MEGAN LEAVEY — Review by Cynthia Fuchs
“I left this place a thousand times in my mind, but I never actually went anywhere,” says Megan Leavey (Kate Mara). That place is home, a small town in upstate New York with an unsupportive mother (Edie Falco) and a kindly but mostly absent father (Bradley Whitford). Megan’s sense of confinement shapes the early scenes in Gabriela Cowperthwaite’s movie: trucks, railroad tracks, and a hulking factory form internal frames as she looks off-screen. Her escape is the Marines: it’s 2003 and the war in Iraq is underway, a war the movie uses a backdrop for the story of Megan’s coming of age. Continue reading…
That story concerns Megan’s relationship with her dog, which is to say, Rex, the bomb-sniffing German shepherd assigned to her by the Marines. Their bonding process has them observing each other through cage bars, training at Camp Pendleton (her predictably gruff sergeant, Gunny Martin, is played by Common), finding IEDs in hot dusty Iraq, and surviving an explosion rendered in slow motion, from multiple angles. In Rex, Megan finds a purpose and unconditional love, exactly what she was missing in her pre-Marines life. While she and Rex recuperate back in the States, she spots a dog who’s grieving his dead human partner. Gunny leans over her shoulder to offer this trenchant observation: “Sometimes we don’t realize, as much as they our family, we theirs too.”
For all the good that Megan shares with Rex, the film does note, briefly, a couple of the issues specific to women in the US military. The guys doubt Megan’s abilities, she feels isolated (rooming and showering alone), and she finds a boyfriend, a fellow dog handler (Ramón Rodríguez). (They take care to keep their romance a secret, and the movie doesn’t get into the problems this might pose for them or their unit.) While the film occasionally gestures toward questions and themes that have to do with war, including loss and grief, chaos and order, it remains for the most part in a narrow lane, which is to celebrate what ends up being a sweet but conventional girl-and-her-dog story.

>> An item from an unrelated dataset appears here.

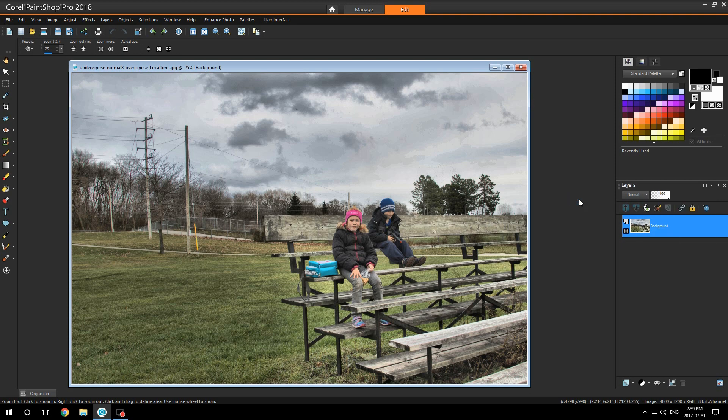With Corel PaintShop Pro 2018 and your HDR effects, it's unlimited what you can do. Thank you for listening and enjoy.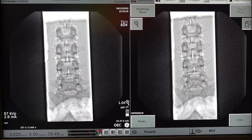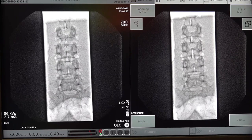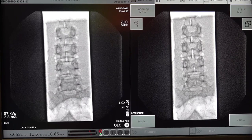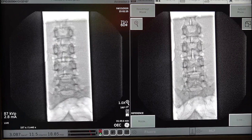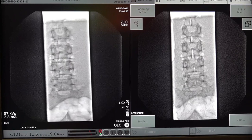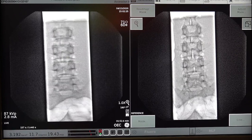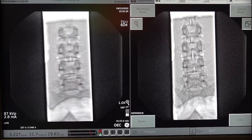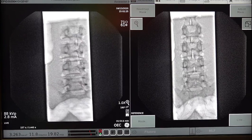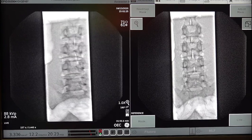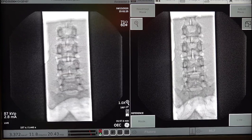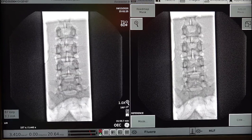Next, we're going to move over to our obliquity lock, which is going to help us get those spinous processes right in the center of the screen. As we go side to side, our angle is obliqued. The spinous processes right there are perfectly in the center.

This narrowness is surprising, given the art, edge, and resonance that Cowperthwaite’s previous film brought to another story of humans and animals. The documentary Blackfish examines the relationships of people and orcas, in cultural and personal terms, and in powerfully political terms, such that institutions and individuals are accountable for the choices they make. Megan Leavey is a different film, with a different audience, and a different mission. It never leaves the place where it begins, which is in Megan’s emotional backyard.